UNITED STATES OF AMERICA, Plaintiff,
v.
PAPERCRAFT CORPORATION, A Pennsylvania Corporation, Defendant



The opinion of the court was delivered by: SNYDER

This matter is before the Court on remand from the United States Court of Appeals for the Third Circuit, United States v. Papercraft Corporation, 540 F.2d 131 (3rd Cir. 1976), for reassessment of civil penalties under Section 11(l) of the Clayton Act, 15 U.S.C. § 21(l). We granted summary judgment on the violation of the Federal Trade Commission Order to the Defendant to divest itself of C.P.S. Industries, Inc., 393 F. Supp. 408 (W.D.Pa. 1975), and we assessed penalties of $3,817,500.

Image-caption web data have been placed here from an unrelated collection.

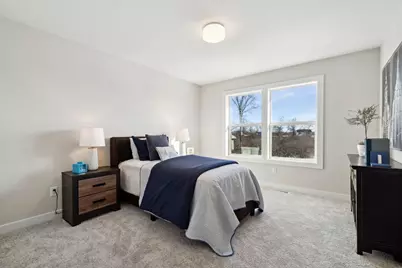 4866 128th Circle NE, Blaine, MN 55449 - Photo 14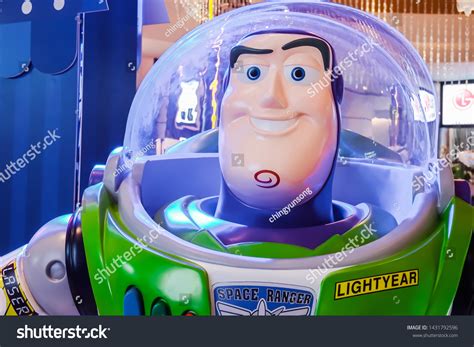 Toradh íomhá ar Sign Form Animation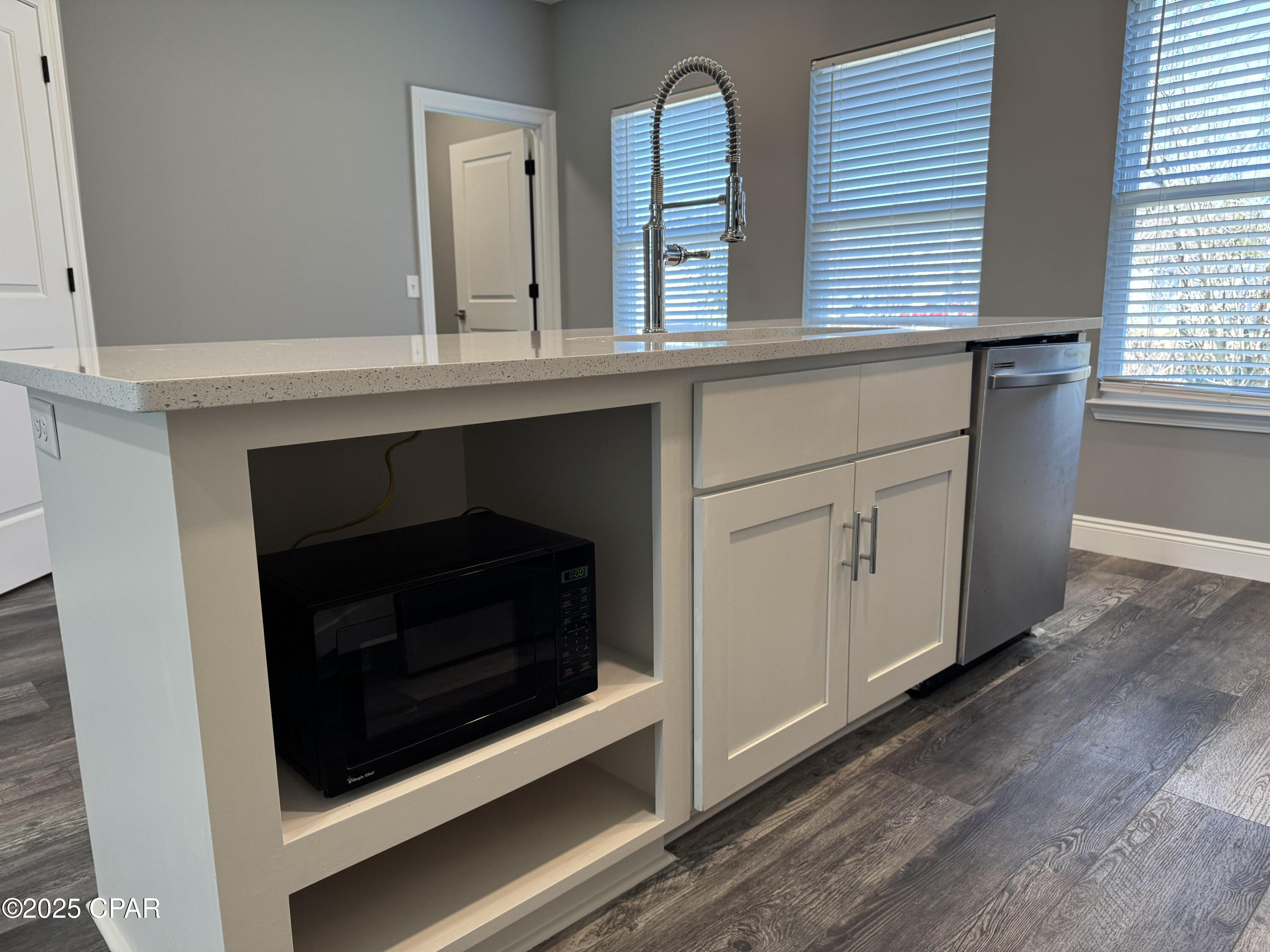 Image 6 For 1910 Coach Scovel Way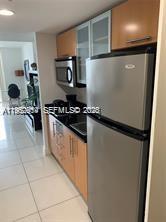 1750 N Bayshore Dr #5407 Miami, FL 33132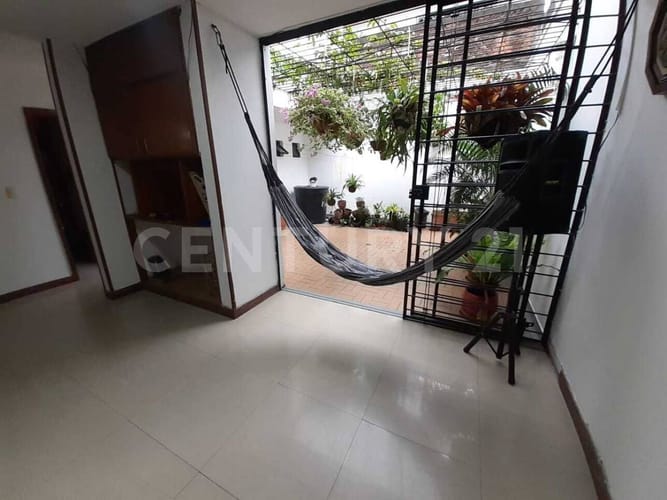 Casa de 7 alcobas en venta en El Ingenio, Cali, 370 m² · foto 13 de 24
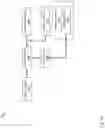 Fig. 15 - Applications of an electrokinetic device for an imaging system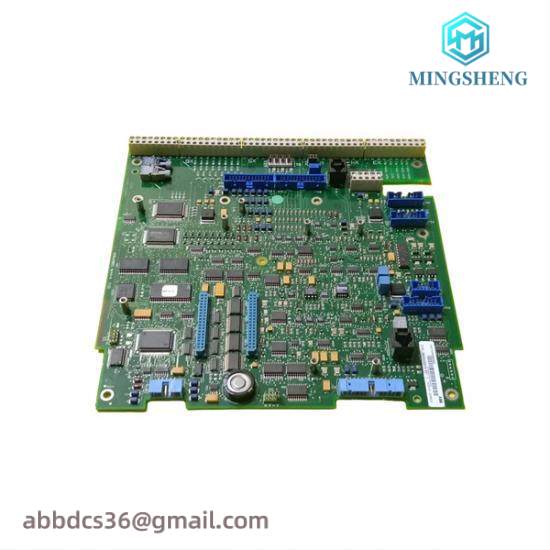 abb_sdcs-con-2a_3adt309600r0002_control_board_without_softw.jpg ABB SDCS-CON-2A 3ADT309600R0002 CONTROL BOARD WITHOUT SOFTWARE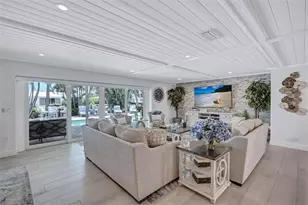 571 Ranger Ln, Longboat Key, FL 34228 - Photo 15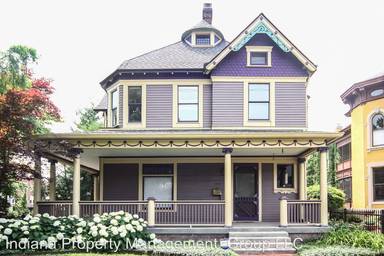 Main picture of 1232 N Park Ave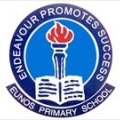 Eunos Primary School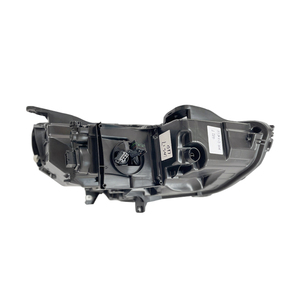 Venta Directa de Fábrica 39165281 39122974 Faro Delantero LED para Opel Vauxhall <span class=keywords><strong>Insignia</strong></span> B 2017-<span class=keywords><strong>2019</strong></span> - Product Image 5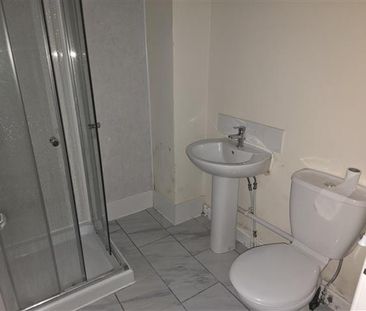 Hartington Road, Stockton-On-Tees - Photo 3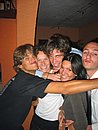 Cenino_Etilico_071J.JPG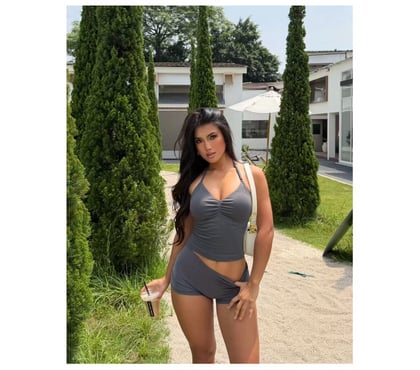 Escorts Prescot Knowsley - Photos for Beautiful Philippines girls
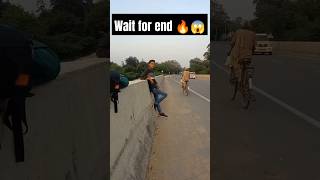 Nikon d3500 vs 1855mm lans result 😱 shorts ytshorts youtubeshorts trending imphotographer [upl. by Atinnod]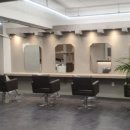 내방역 4번출구 이미지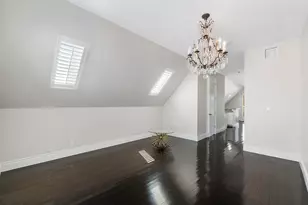 1107 NE 2nd St, Fort Lauderdale, FL 33301 - Photo 58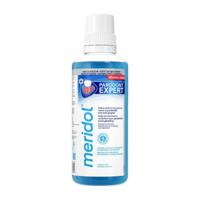 Meridol Parodont Expert Mondspoeling 400ml - thumbnail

 On appeal, the Third Circuit required the application of the penalty provisions of the Clayton Act *fn1" and not of the Federal Trade Commission Act *fn2" as used by this Court, and thus ordered that the penalty be reassessed. The Circuit added "certain suggestions which the district court will be free to accept or reject at its discretion." 540 F.2d at 140. These suggestions involved considerations that there were peculiar circumstances which might, upon reflection, lead the district court to apply less than the maximum daily penalty of $5,000 as it had in applying less than the maximum daily penalty of $10,000, and further, that the district court might be disposed to impose different daily penalties for those violations of the FTC's Divestiture Order before the Commission clearly indicated that it would seek civil penalties. Argument of counsel was heard and briefs considered.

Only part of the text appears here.